In case Johnny’s business sounds familiar, it’s a tiny retail stand above Elliott Bay where the staff (referred to as fishmongers) throw fish in the Pike Place Market district of Seattle. For me, it is also the focus of my first business book When Fish Fly co-authored with none other than Johnny Yokoyama.

Excerpting from the Seattle Times article, you can learn a lot about Johnny’s leadership style.

First of all, Johnny insisted on transferring his business to an ownership group made up of four of his employees. One of whom, Ryan Reese noted: “He could have sold it to just about anyone, but he went out of his way to sell it to us…The city is changing so fast; it’s an honor to be part of a small, 1,000-square-foot legacy that makes this city special. This place is one of their first stops in Seattle for a lot of people from all over the world and we love being ambassadors for the city.” Another new owner Jaison Scott (a 45-year-old man who first started visiting the market when he was seven) noted, “He treated all of us like sons.”

Related: The Role of Humor in Client Experience … No Joke!

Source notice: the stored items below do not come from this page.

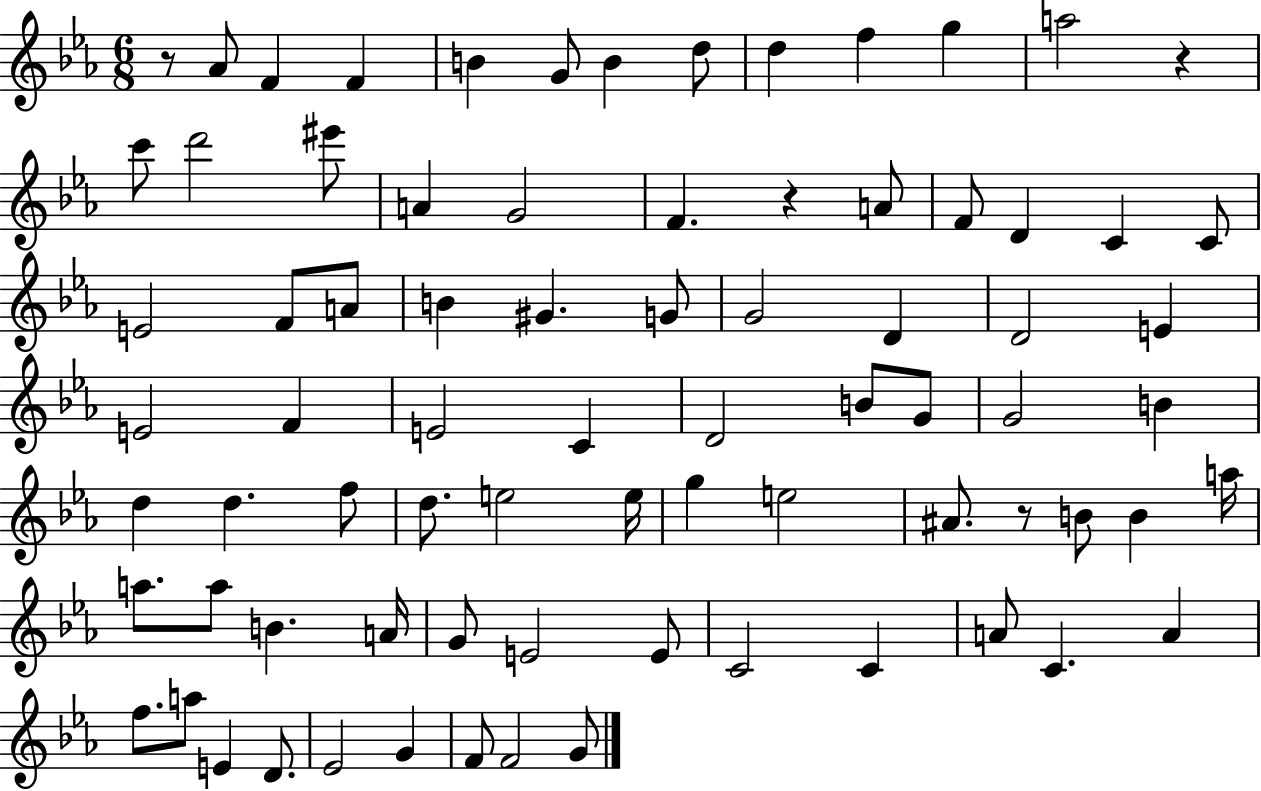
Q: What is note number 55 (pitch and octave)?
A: A5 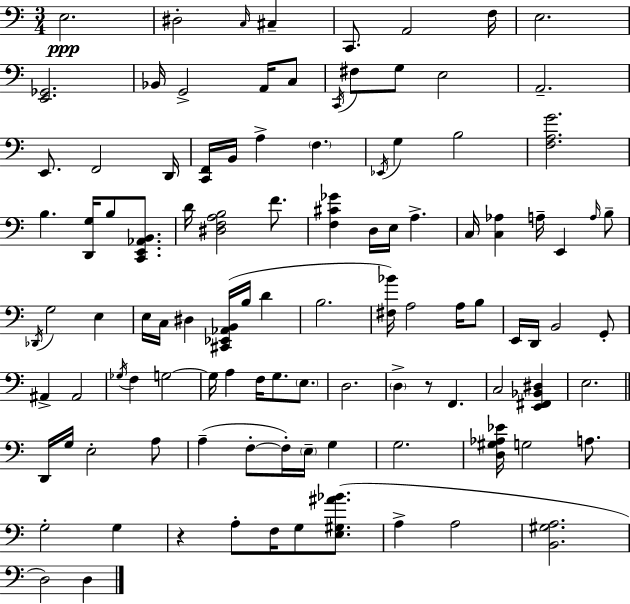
X:1
T:Untitled
M:3/4
L:1/4
K:C
E,2 ^D,2 C,/4 ^C, C,,/2 A,,2 F,/4 E,2 [E,,_G,,]2 _B,,/4 G,,2 A,,/4 C,/2 C,,/4 ^F,/2 G,/2 E,2 A,,2 E,,/2 F,,2 D,,/4 [C,,F,,]/4 B,,/4 A, F, _E,,/4 G, B,2 [F,A,G]2 B, [D,,G,]/4 B,/2 [C,,E,,_A,,B,,]/2 D/4 [^D,F,A,B,]2 F/2 [F,^C_G] D,/4 E,/4 A, C,/4 [C,_A,] A,/4 E,, A,/4 B,/2 _D,,/4 G,2 E, E,/4 C,/4 ^D, [^C,,_E,,_A,,B,,]/4 B,/4 D B,2 [^F,_B]/4 A,2 A,/4 B,/2 E,,/4 D,,/4 B,,2 G,,/2 ^A,, ^A,,2 _G,/4 F, G,2 G,/4 A, F,/4 G,/2 E,/2 D,2 D, z/2 F,, C,2 [E,,^F,,_B,,^D,] E,2 D,,/4 G,/4 E,2 A,/2 A, F,/2 F,/4 E,/4 G, G,2 [D,^G,_A,_E]/4 G,2 A,/2 G,2 G, z A,/2 F,/4 G,/2 [E,^G,^A_B]/2 A, A,2 [B,,^G,A,]2 D,2 D, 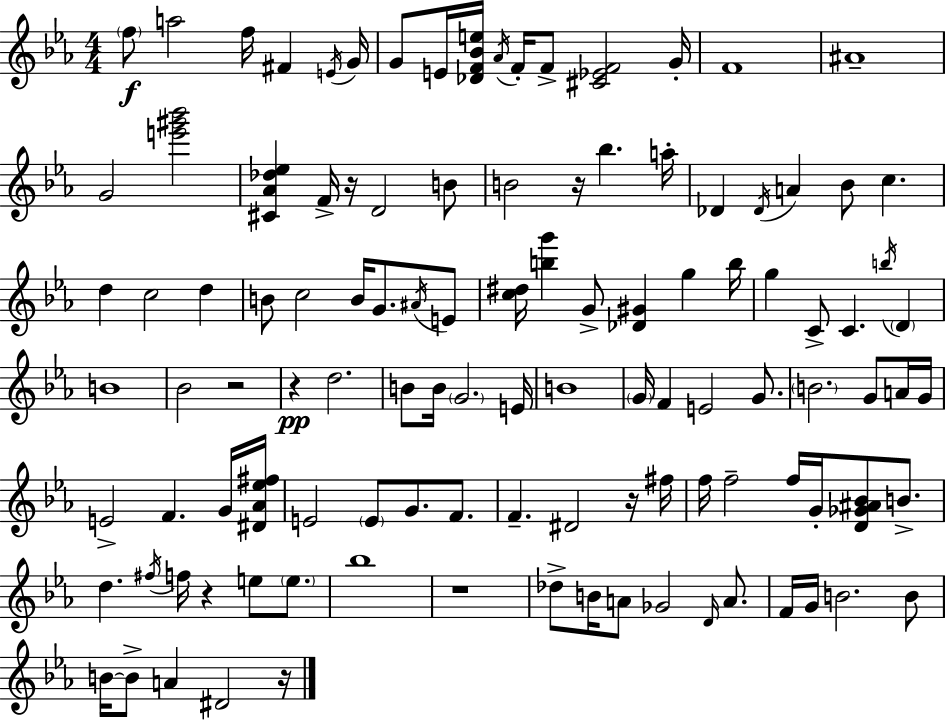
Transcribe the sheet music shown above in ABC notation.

X:1
T:Untitled
M:4/4
L:1/4
K:Eb
f/2 a2 f/4 ^F E/4 G/4 G/2 E/4 [_DF_Be]/4 _A/4 F/4 F/2 [^C_EF]2 G/4 F4 ^A4 G2 [e'^g'_b']2 [^C_A_d_e] F/4 z/4 D2 B/2 B2 z/4 _b a/4 _D _D/4 A _B/2 c d c2 d B/2 c2 B/4 G/2 ^A/4 E/2 [c^d]/4 [bg'] G/2 [_D^G] g b/4 g C/2 C b/4 D B4 _B2 z2 z d2 B/2 B/4 G2 E/4 B4 G/4 F E2 G/2 B2 G/2 A/4 G/4 E2 F G/4 [^D_A_e^f]/4 E2 E/2 G/2 F/2 F ^D2 z/4 ^f/4 f/4 f2 f/4 G/4 [D_G^A_B]/2 B/2 d ^f/4 f/4 z e/2 e/2 _b4 z4 _d/2 B/4 A/2 _G2 D/4 A/2 F/4 G/4 B2 B/2 B/4 B/2 A ^D2 z/4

The column space in a major daily newspaper is tight, and there is so much more to tell about Johnny, a man whose childhood was shattered when his father’s business and family home were seized, and his parents, brother, and sister were taken to Japanese Internment camps at Minidoka and Tule Lake. Fortunately, I had the honor of chronicling much of his amazing leadership story in the pages of When Fish Fly (and better yet I was honored to share it from Johnny’s voice).

Given the limitations of this blog, I will mention three elements of his leadership brilliance that I will always treasure:

  • Leading Self First
  • Commit It, Be It, Coach It
  • Firmly and Lovingly Nurture Others

I (like many of those who have worked with or for Johnny) view him to be a surrogate father. He entrusted me early in my organizational development and authorship career. He challenged me, held me to exacting standards, encouraged me, and shared his home, family, and laughter with me. The least I can do is re-introduce you to him and encourage you to pick up When Fish Fly. I assure you that you will be inspired by a humble, uplifting leader who has made a world-famous difference at the world-famous pike place fish market.